■ **Available data**
-*-*-

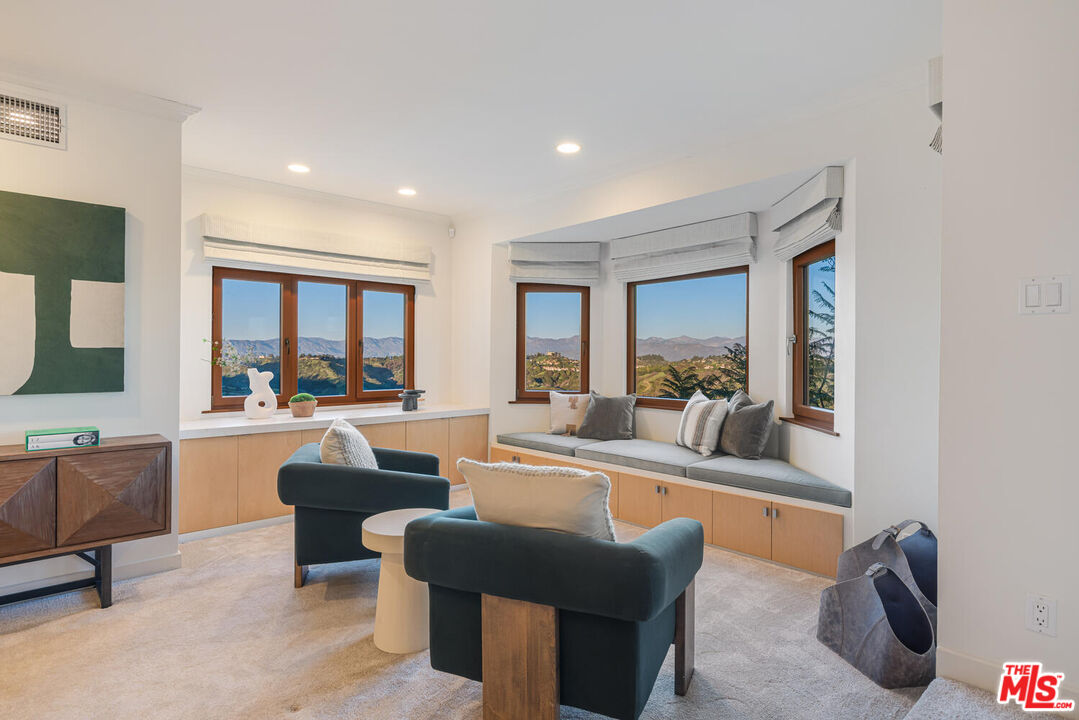 2232 Stradella Road Los Angeles, CA 90077 - Photo 26 of 48 a view of a dining room with furniture window and outside view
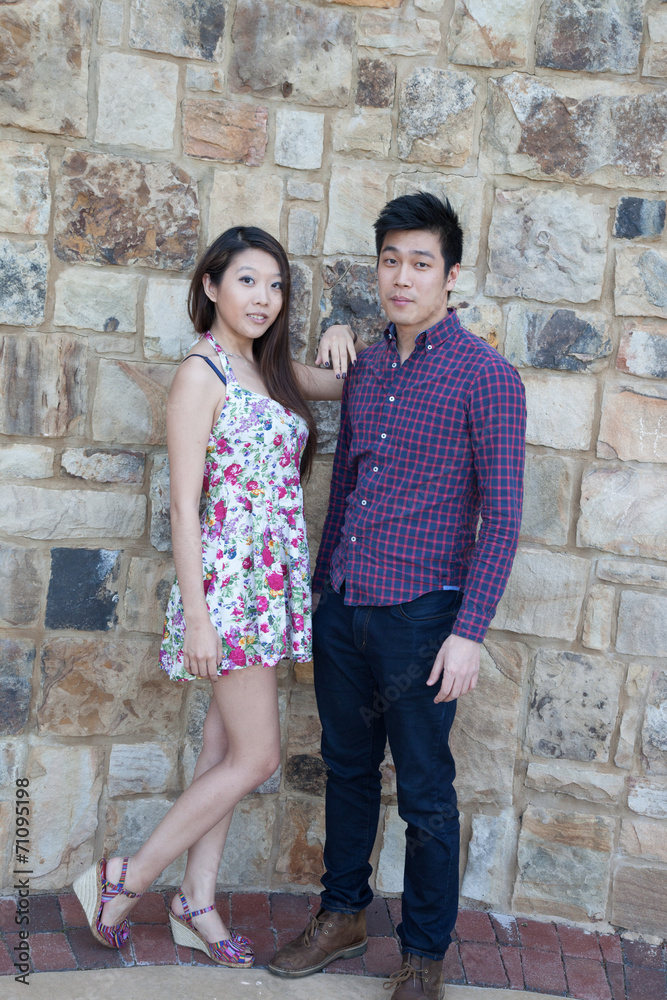 Romantic Asian couple outside by a stone wall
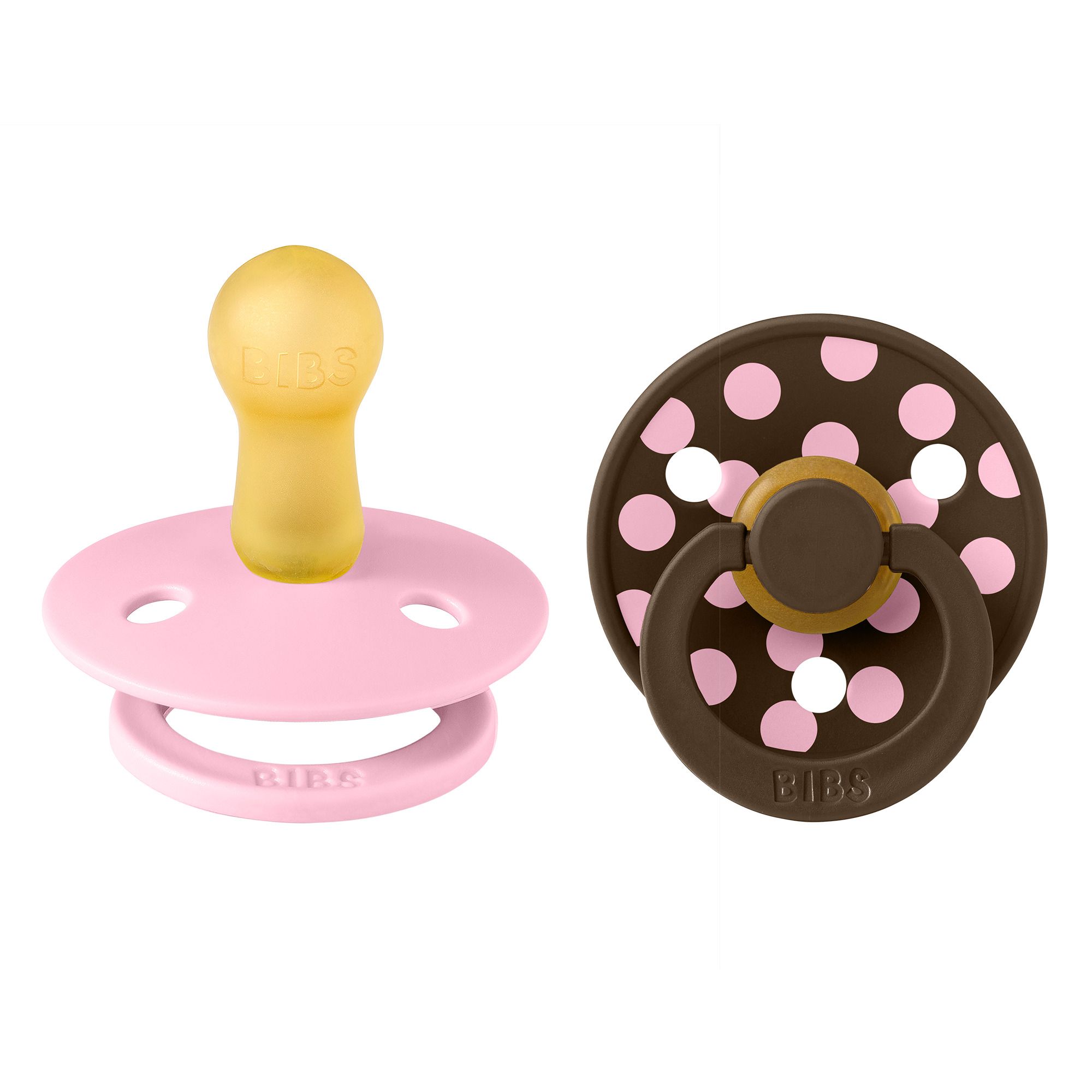 Deux sucettes. Rose et marron à pois blancs. Marque : BIBS. Tétine jaune.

-*-*-

Your answer must be exactly the lines from the one with "Romantic Asian couple" through the final line of the data, with no pictures in it.

 Romantic Asian couple outside by a stone wall
 Deux sucettes. Rose et marron à pois blancs. Marque : BIBS. Tétine jaune.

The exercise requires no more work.